▶ **Problem**: Transcribe only the part of the listing below that begins at the line containing "ISDIN Repairing Facial" and runs to its final line, keeping both ends.

▶ **Data provided**:
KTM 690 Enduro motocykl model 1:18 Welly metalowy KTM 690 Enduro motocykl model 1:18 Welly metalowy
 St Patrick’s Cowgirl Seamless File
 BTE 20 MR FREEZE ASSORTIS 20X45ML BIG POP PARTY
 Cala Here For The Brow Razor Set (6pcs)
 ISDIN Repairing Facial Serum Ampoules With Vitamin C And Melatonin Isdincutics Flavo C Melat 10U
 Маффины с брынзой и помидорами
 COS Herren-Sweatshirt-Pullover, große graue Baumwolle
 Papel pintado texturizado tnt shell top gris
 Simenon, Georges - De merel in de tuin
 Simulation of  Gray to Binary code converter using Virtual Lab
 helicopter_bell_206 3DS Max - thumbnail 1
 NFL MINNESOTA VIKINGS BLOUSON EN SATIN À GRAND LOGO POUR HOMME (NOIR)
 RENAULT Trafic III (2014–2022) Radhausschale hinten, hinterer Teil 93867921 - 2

▶ **Response to this task**:
 ISDIN Repairing Facial Serum Ampoules With Vitamin C And Melatonin Isdincutics Flavo C Melat 10U
 Маффины с брынзой и помидорами
 COS Herren-Sweatshirt-Pullover, große graue Baumwolle
 Papel pintado texturizado tnt shell top gris
 Simenon, Georges - De merel in de tuin
 Simulation of  Gray to Binary code converter using Virtual Lab
 helicopter_bell_206 3DS Max - thumbnail 1
 NFL MINNESOTA VIKINGS BLOUSON EN SATIN À GRAND LOGO POUR HOMME (NOIR)
 RENAULT Trafic III (2014–2022) Radhausschale hinten, hinterer Teil 93867921 - 2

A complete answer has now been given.